Not a word about the Palestinians, God forbid! Not a word about the transformation of the glorious Israeli Defense Army into a blood-stained colonial police force. No mention that the celebrated Air Force which destroyed the air forces of three Arab states in a few hours in 1967, has now become a specialist in extra-judicial executions, often killing not only the targeted Palestinian militants but also their wives and children, as well as random bystanders.
Israel looked into its magic mirror and saw a beautiful state that arose from the embers of the Holocaust and transformed a downtrodden and persecuted people into a proud and mighty nation, with brilliant achievements in all spheres of endeavor. How wonderful!
In a few days, the Palestinians will commemorate the catastrophe that befell them 56 years ago, according to the general (solar) calendar.

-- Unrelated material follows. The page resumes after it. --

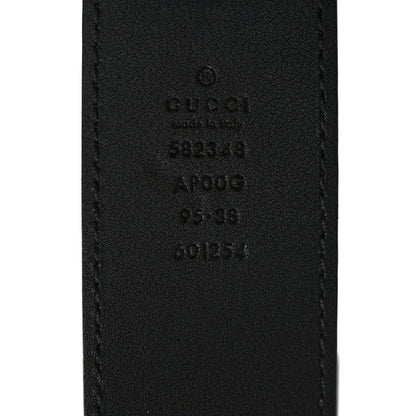 Gucci Moon Calfskin Scales Double G 40mm Belt 95 38 Black 4 of 4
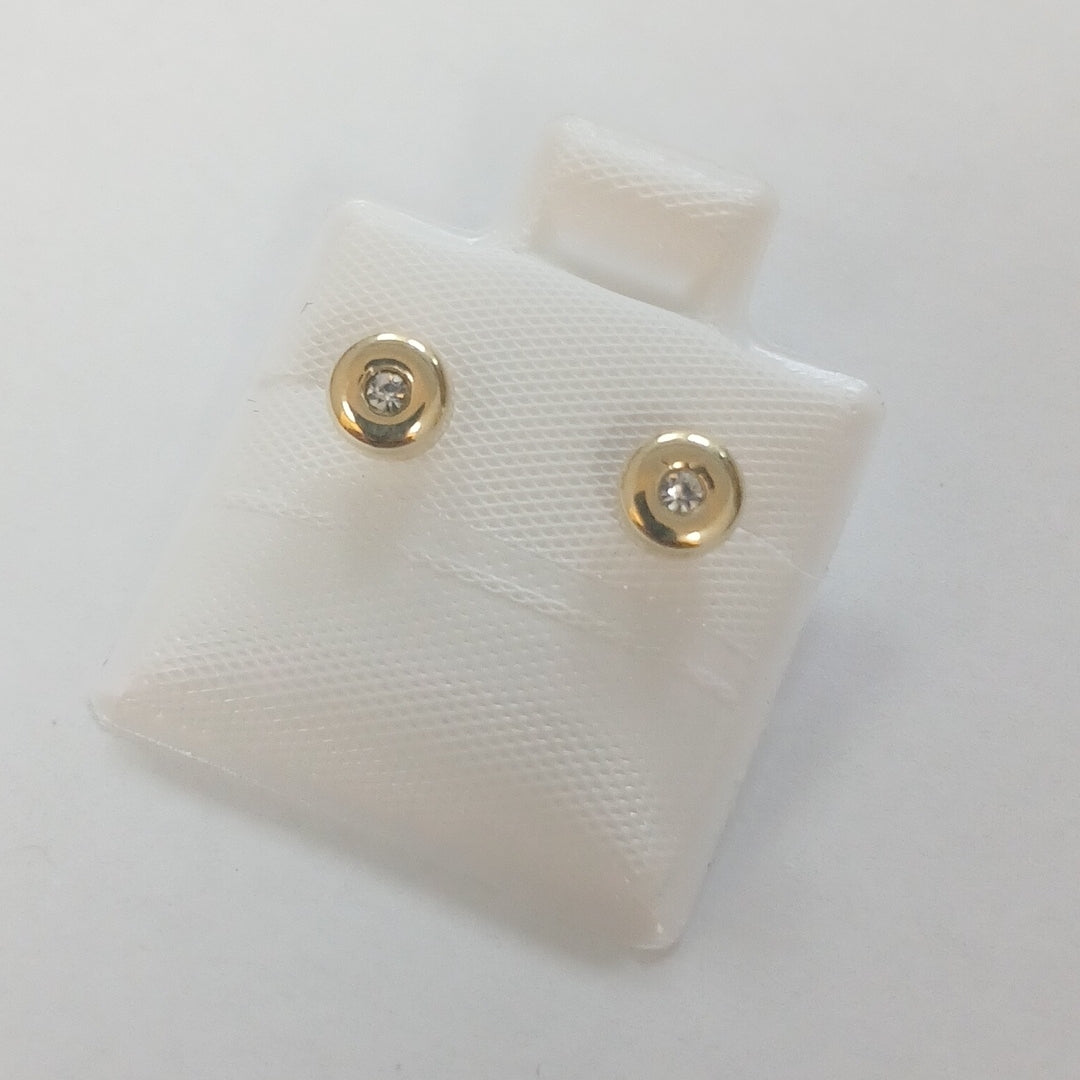 BROQUELES BROQUEL C CIRCONIA 14K 0.27 GR (NUEVO)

It will be a day of mourning, of longing, and anger about all that happened and is still happening. There will be demonstrations, speeches, shooting in the air. Everybody will remember the Naqbah, the catastrophe, when half the Palestinian people were expelled from their homes and fields by a cruel enemy. Many of them are still languishing in miserable refugee camps, where they survive by the grace of international institutions that provide them with food and education.
The refugees will remember with longing the 450 villages that were conquered by the enemy and razed to the ground, each of which lives on in their imagination as a little paradise, surrounded by lush fields and plantations. They will yearn for the streets of Haifa and Jaffa , Ramle and Bir-Saba, the Jerusalem neighborhoods of Katamon and Talbieh, all of them the epitome of beauty and perfection.

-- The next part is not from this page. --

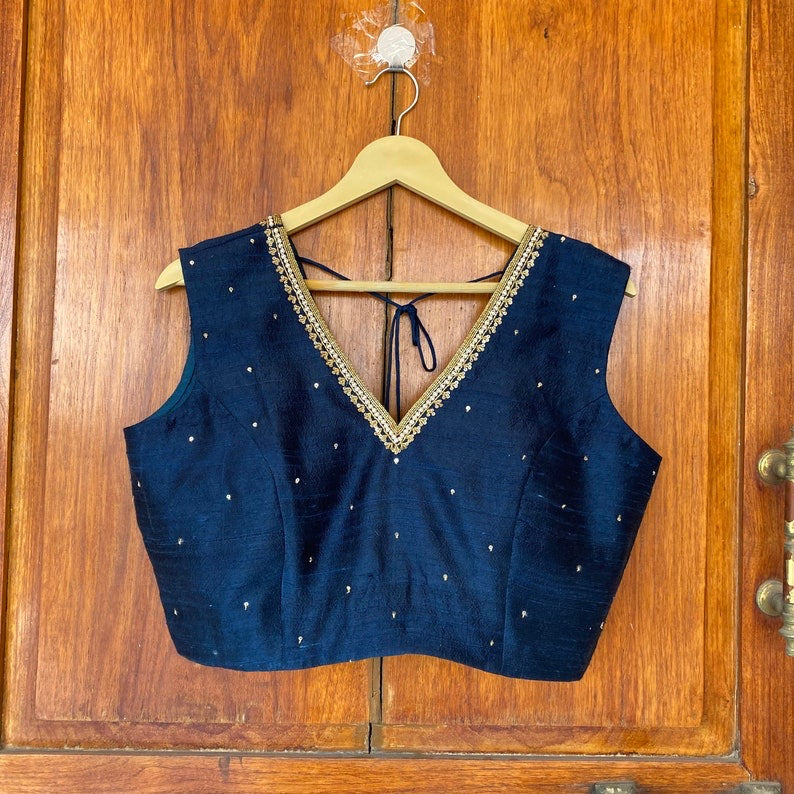 pure silk hand embroidery blouse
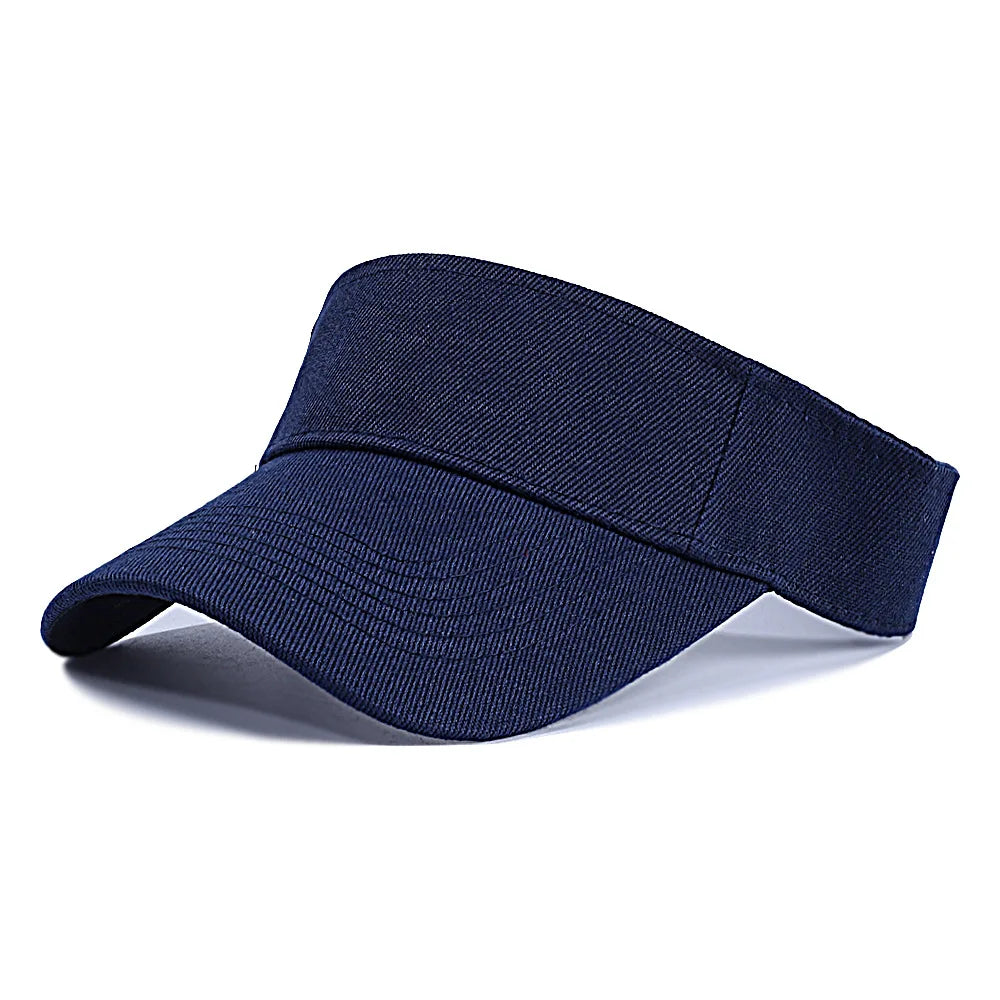 1pc Structured Brim Quick-Dry Sun Visor Hat for Women,Lightweight Sun Protection Sports Visor for Running Golf Tennis Pickleball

The Palestinians will look into the magic mirror of the past and they will see a people that lived idyllically on their land until the appearance of cruel foreigners who condemned them to a life of humiliation and misery, oppression and exile, with no redemption in sight.
These two events may look as if they happened on two different planets, say on Mars and Saturn. But both happened on our small planet, in one small country.
The two events are, actually, one and the same event.
It is natural that two peoples at war will view the events in different and contradictory ways. But war is generally an exceptional state that lasts only a few years. Before and after the war there is peace, and in a state of peace the normal life and new contacts cause bitter memories to fade and differences between the perceptions to narrow.
In World War II the Germans conquered France and imposed a cruel occupation regime. One need only recall the wholesale slaughter of hostages. But less than ten years later, Frenchmen created the vision of a unified Europe, based on a French-German alliance, and since then the borders have all but disappeared, a common currency has been created and friendship is blossoming. There is hardly any difference of opinion about what happened between the two peoples in the past.
During the same war, the Germans killed a third of the Jewish people with slave labor, starvation, mass execution and the gas chambers. This is a crime without parallel in modern history, as far as its character and methods are concerned. But less than ten years after the crematoria of Auschwitz had cooled, an agreement was already signed between Germany and Israel , which called itself 'the state of the survivors.' Now Germany and Israel try to outdo each other in commemorating the Holocaust.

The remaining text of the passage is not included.